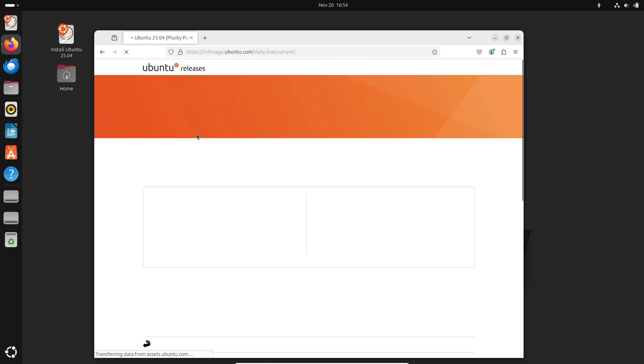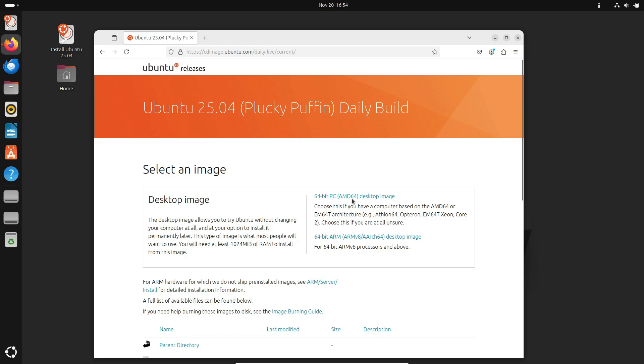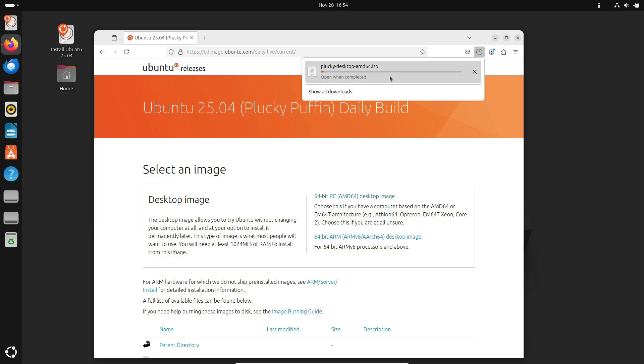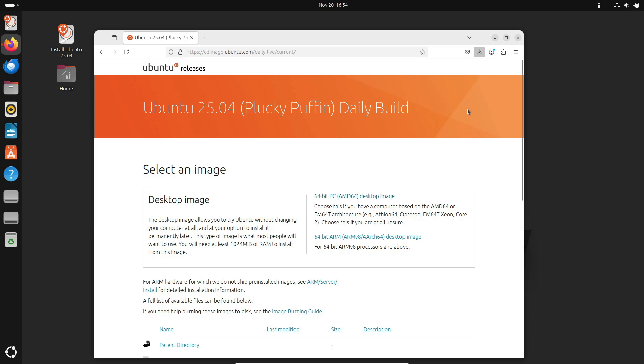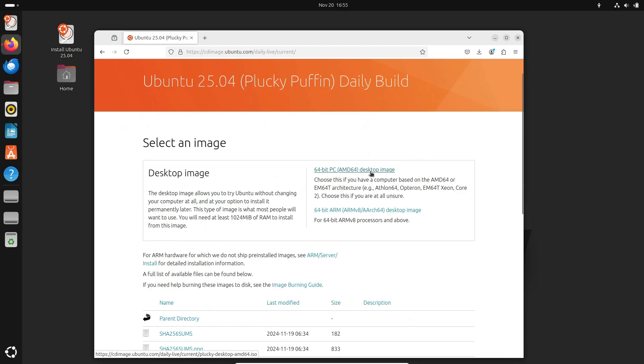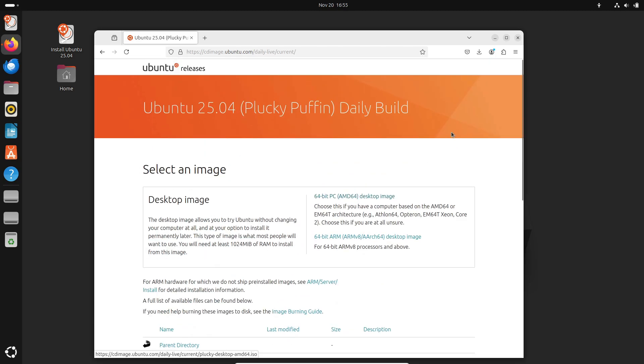Why should you care about Ubuntu 25.04? Well, it's not just another release. It's an evolution. With new performance enhancements, updated tools, and exciting features, this release is shaping up to be a fantastic experience for developers, gamers, and everyday users alike. Plus, come on, how cool is the name Plucky Puffin?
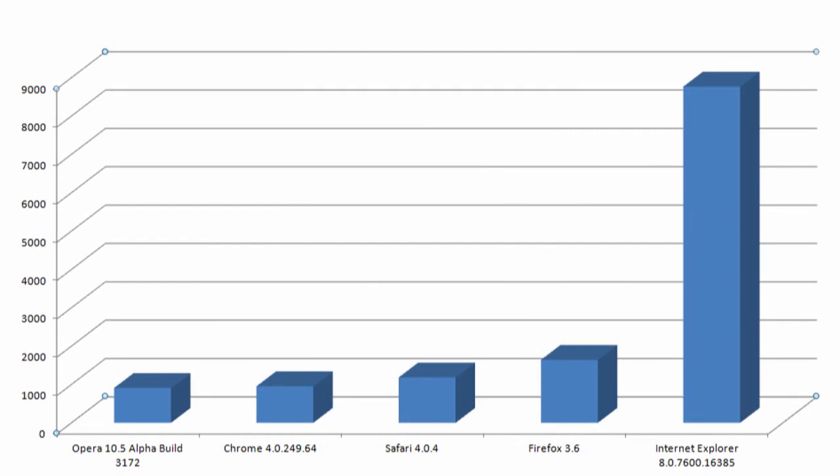Using the SunSpider JavaScript benchmark, Firefox 3.6 comes out behind Opera, Chrome, and Safari, but still far ahead of Internet Explorer 8.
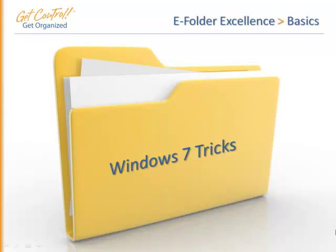Here are some additional Windows 7 tricks that will help you be more productive every single day.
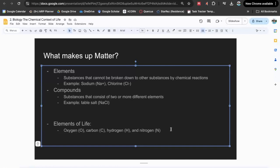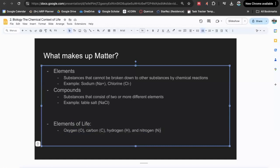The important part here is talking about what the elements of life are. It's quite interesting how all organisms on Earth are largely made up of just four elements. 96% of the matter in your body is made up of oxygen, carbon, hydrogen, and nitrogen. So 96% of the elements above make up living things.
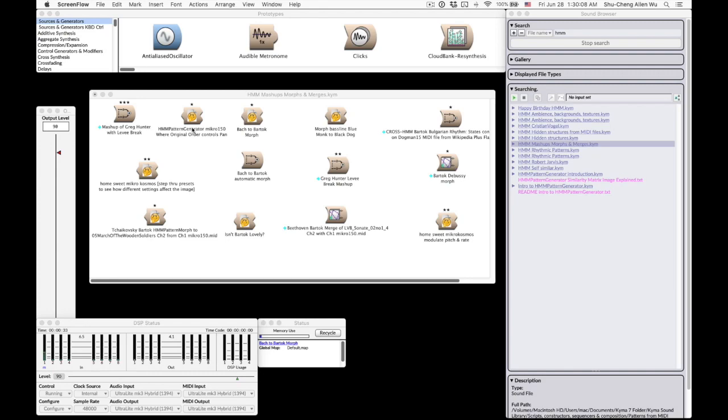Hello, this is Alan Wu. Today we are going to talk about some advanced usage of Hidden Markov Model Pattern Generator in Kyma.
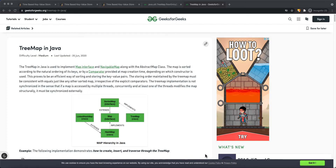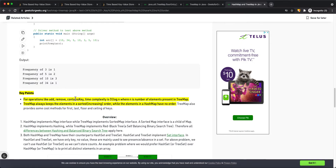Now let's look at how to solve this using a tree map. TreeMap in Java uses the map interface — the sorted map extends from the map interface, and the TreeMap class implements the sorted map interface. TreeMap is essentially a map sorted according to the natural ordering of its keys, similar to a binary search tree. Key operations like add, remove, and containsKey have O(log N) time complexity, whereas a HashMap has no order. TreeMap keeps elements in sorted increasing order.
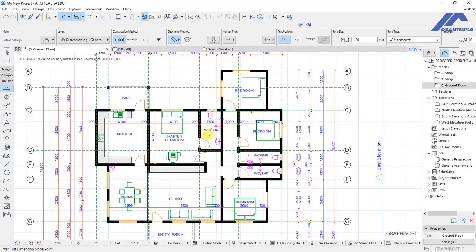In this lecture we are going to talk about door and window dimension markers in Archicad. We are looking for a way to label all the architectural fenestrations we have so that when someone is reading our plan they are able to understand the information that we have presented to them.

________

:: Task goal ::
The answer should hold every entry exactly as given and no pictures at all.

:: Solution to this task ::
Why should you care about Ubuntu 25.04? Well, it's not just another release. It's an evolution. With new performance enhancements, updated tools, and exciting features, this release is shaping up to be a fantastic experience for developers, gamers, and everyday users alike. Plus, come on, how cool is the name Plucky Puffin?
Using the SunSpider JavaScript benchmark, Firefox 3.6 comes out behind Opera, Chrome, and Safari, but still far ahead of Internet Explorer 8.
Here are some additional Windows 7 tricks that will help you be more productive every single day.
The important part here is talking about what the elements of life are. It's quite interesting how all organisms on Earth are largely made up of just four elements. 96% of the matter in your body is made up of oxygen, carbon, hydrogen, and nitrogen. So 96% of the elements above make up living things.
Hello, this is Alan Wu. Today we are going to talk about some advanced usage of Hidden Markov Model Pattern Generator in Kyma.
Now let's look at how to solve this using a tree map. TreeMap in Java uses the map interface — the sorted map extends from the map interface, and the TreeMap class implements the sorted map interface. TreeMap is essentially a map sorted according to the natural ordering of its keys, similar to a binary search tree. Key operations like add, remove, and containsKey have O(log N) time complexity, whereas a HashMap has no order. TreeMap keeps elements in sorted increasing order.
In this lecture we are going to talk about door and window dimension markers in Archicad. We are looking for a way to label all the architectural fenestrations we have so that when someone is reading our plan they are able to understand the information that we have presented to them.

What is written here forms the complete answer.